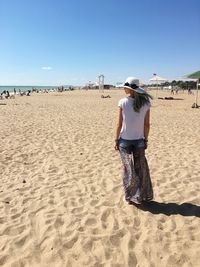 Rear view of woman standing at beach against blue sky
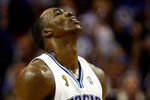 ORLANDO, FL - JUNE 11:  Dwight Howard #12 of the Orlando Magic reacts in Game Four of the 2009 NBA Finals against the Los Angeles Lakers on June 11, 2009 at Amway Arena in Orlando, Florida.  NOTE TO USER:  User expressly acknowledges and agrees that, by downloading and or using this photograph, User is consenting to the terms and conditions of the Getty Images License Agreement.  (Photo by Chris Graythen/Getty Images)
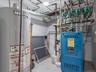Utilities with gas water heater and a heating unit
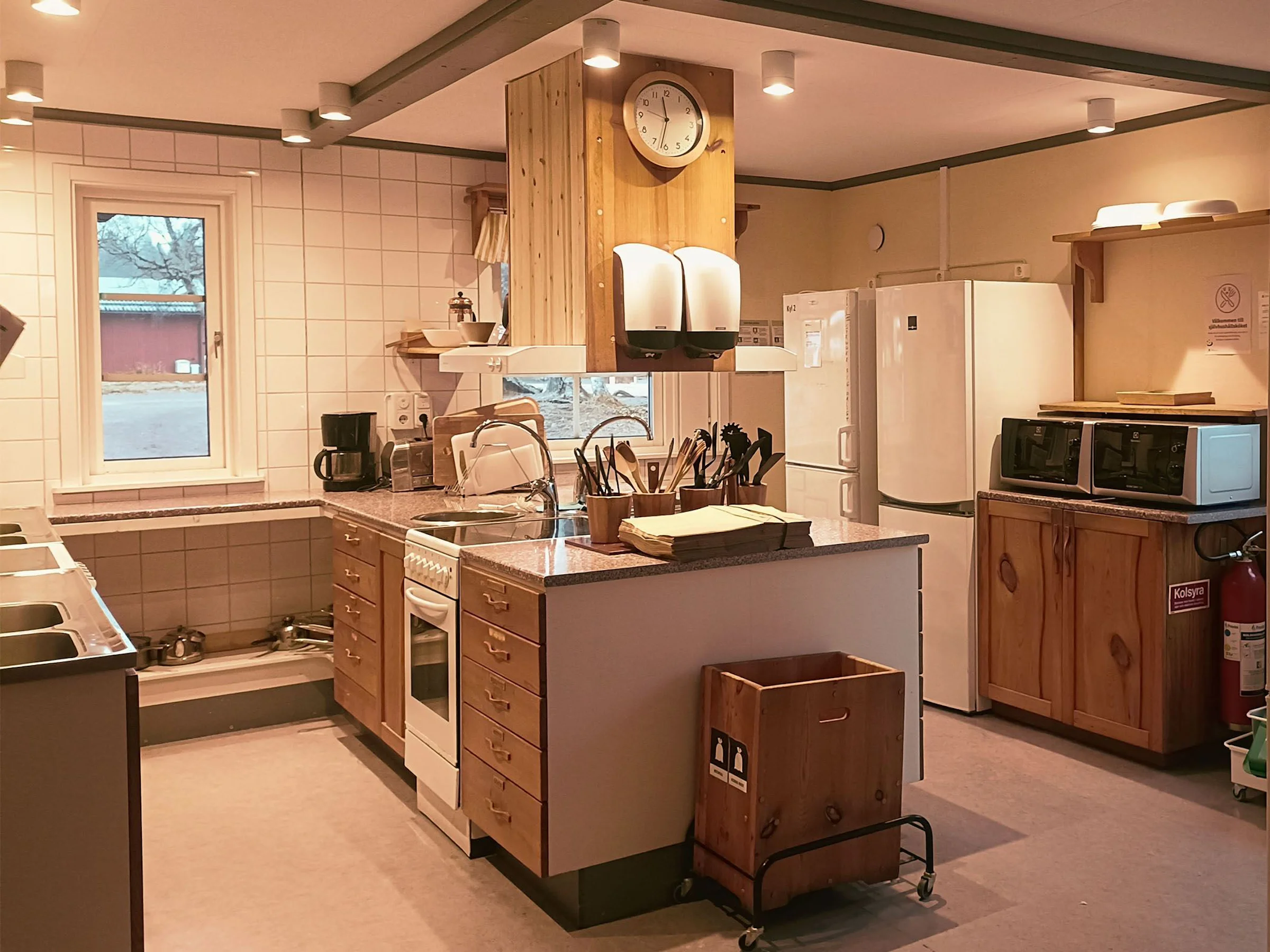 Kitchen with an island and a wooden ceiling.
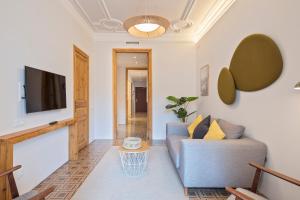 Televízia a/alebo spoločenská miestnosť v ubytovaní Central Apartments Barcelona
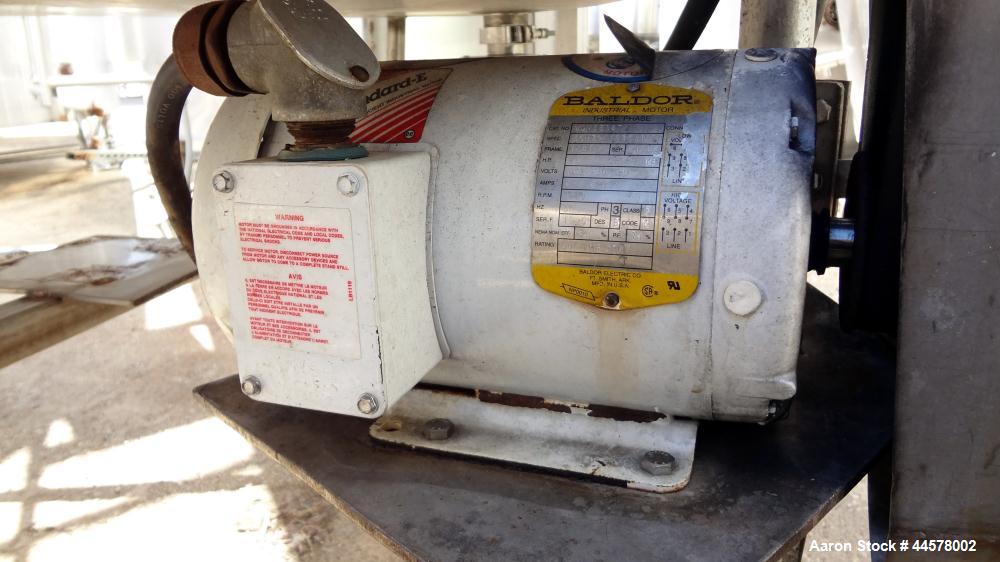 Used Tank, 1000 Gallon, 304 Stainless Steel, Vertical. 60” Diameter x 82” straight side, flat welded top, sloped bottom. Side Bottom entering agitator with a 3 blade prop, driven by a 2hp, 3/60/208-2...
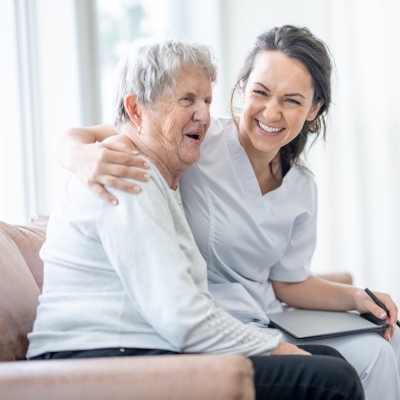 Companion Care in Coral Gables A cheerful caregiver sits close to a senior woman, offering support and companionship, representing the kindness and reassurance of companion care in Coral Gables.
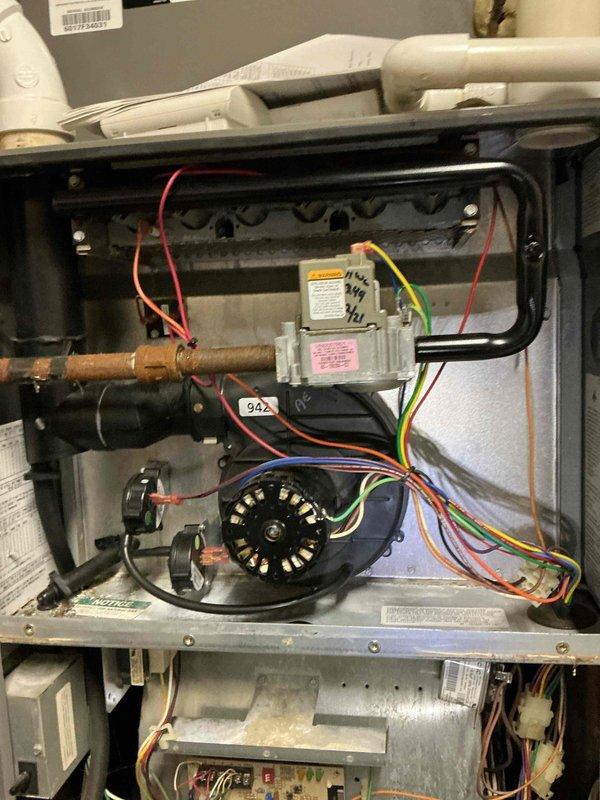 Responded to no cooling complaint with thermostat set to 72°F but reading 78°F with minimal airflow from supply vents. Inspected HVAC system interior components including blower motor assembly, control board, transformer, and electrical connections. Documented internal system condition showing operational wear and dust accumulation on blower assembly and control components for service records.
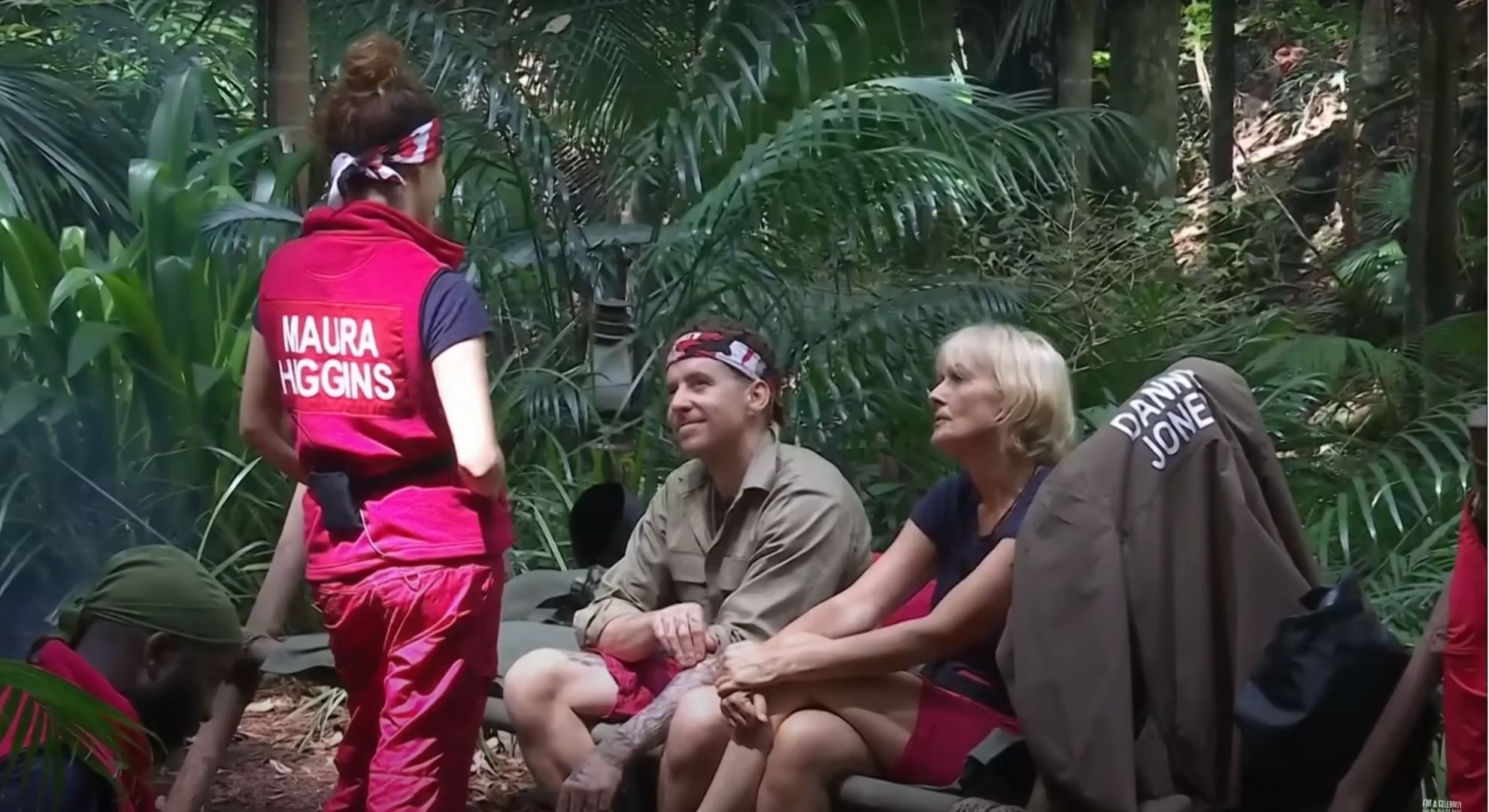 Maura Higgins, Danny Jones, and Jane Moore talking in the jungle 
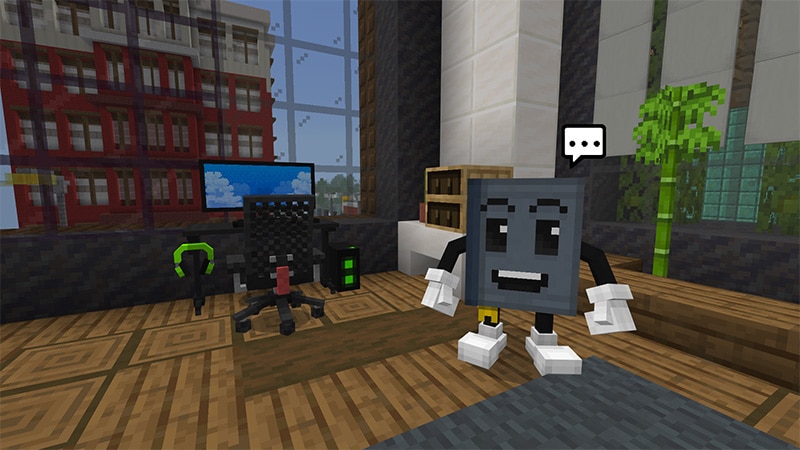 Two characters in the Good Game world beside a gaming setup, with a chat bubble above them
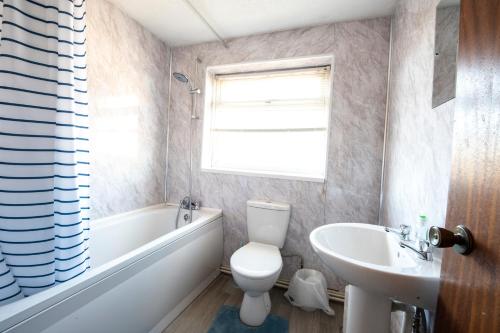 a bathroom with a white toilet and a sink at Swansea Cosy Stay in Swansea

· · · · · · ·

* EXERCISE DETAILS: Write down exactly the lines running from the line with "Two characters in" through the end of the material, both ends included, and none of the pictures.

* EXERCISE RESULT:
 Two characters in the Good Game world beside a gaming setup, with a chat bubble above them
 a bathroom with a white toilet and a sink at Swansea Cosy Stay in Swansea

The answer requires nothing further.